Stored data:
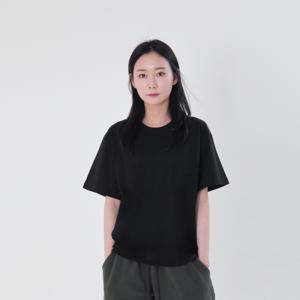 네오플레인 무지 주머니 여자 반팔티 티셔츠 면티 20수 코튼 레이어드 흰색 이너티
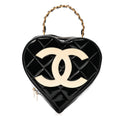 Chanel Patent Quilted CC Barbie Heart Vanity Case Black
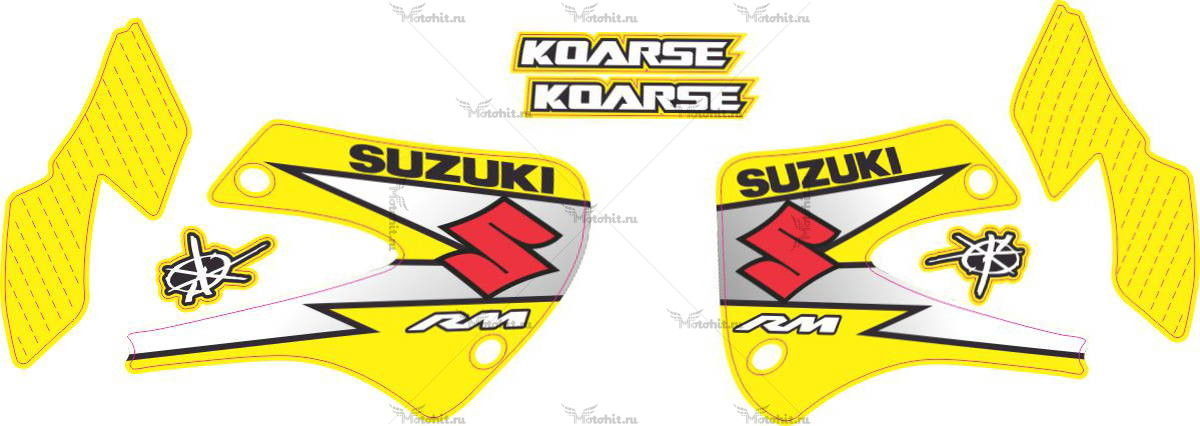 Комплект наклеек Suzuki RM-100 Yellow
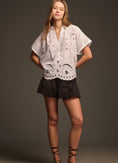 Load image into Gallery viewer, Maeve Short-Sleeve Boxy Eyelet Popover Blouse
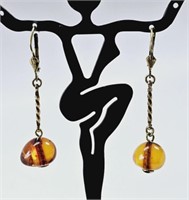 Gold Tone Amber Drop Earrings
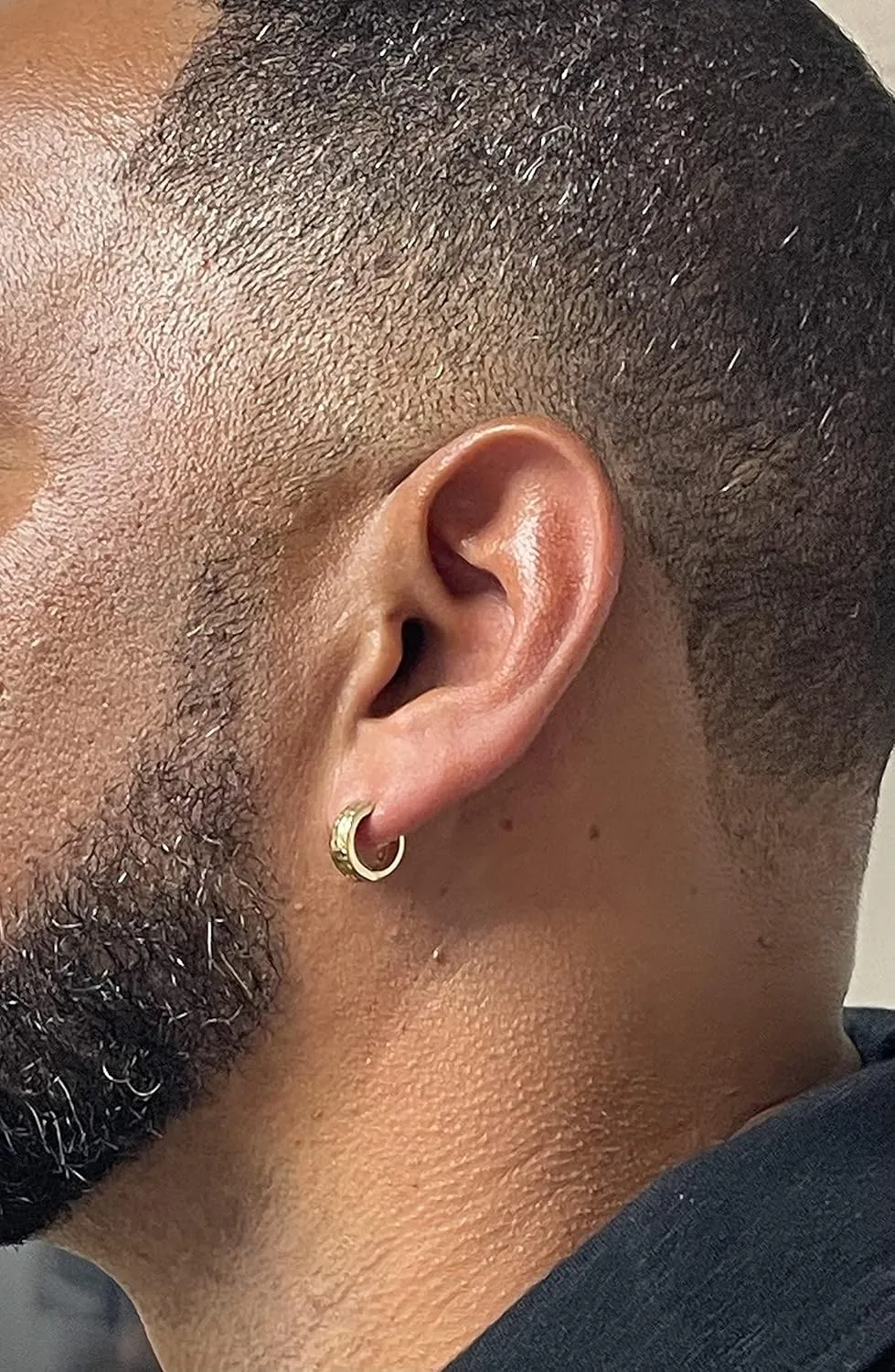14K Gold Huggie Hoop Earrings (5mm Wide Huggie), Real 14k Gold Hoops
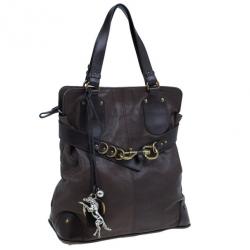 Pre Owned حقيبة كلوي جلد بني كبيرة حلية حصان كيرالا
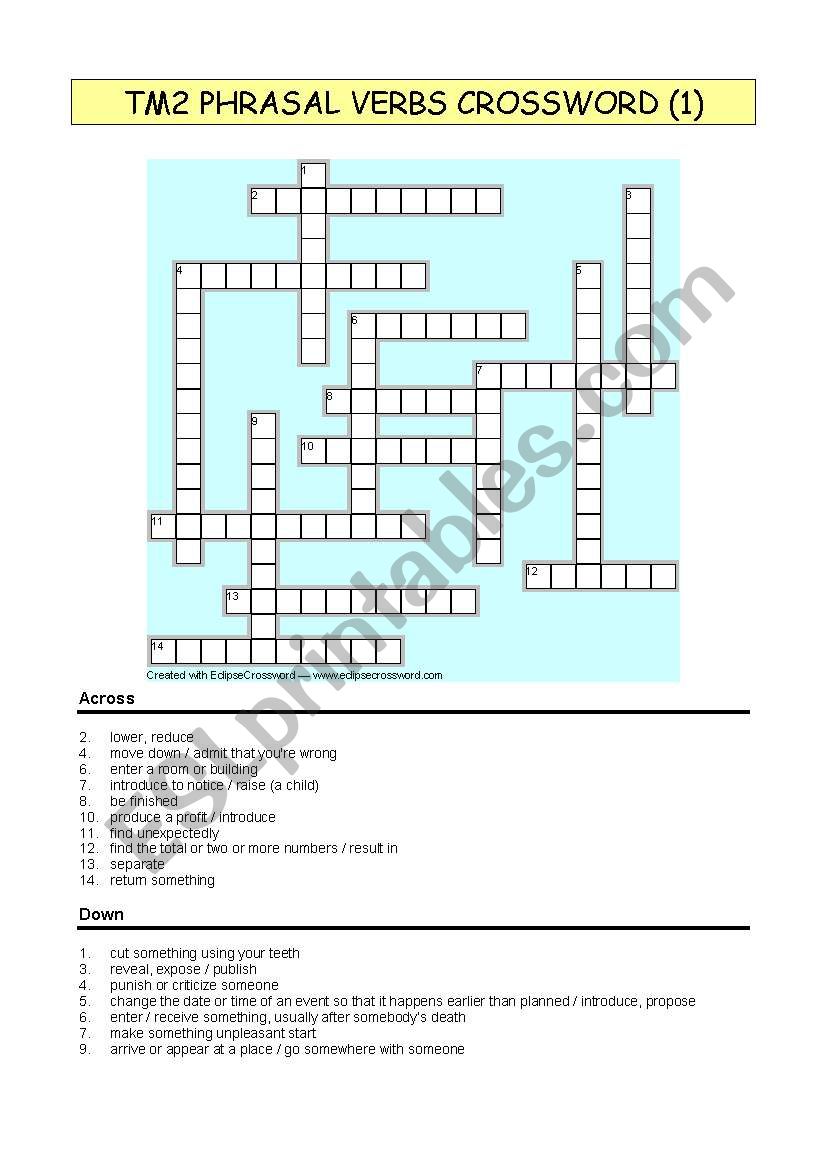 Phrasal verbs crossword 1 worksheet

TASK GOAL: In the entries above, find the line containing "Gold Tone Amber Drop Earrings". Transcribe it and every later line to the end, exactly, and leave out the pictures.

REPLY:
 Gold Tone Amber Drop Earrings
14K Gold Huggie Hoop Earrings (5mm Wide Huggie), Real 14k Gold Hoops
 Pre Owned حقيبة كلوي جلد بني كبيرة حلية حصان كيرالا
 Phrasal verbs crossword 1 worksheet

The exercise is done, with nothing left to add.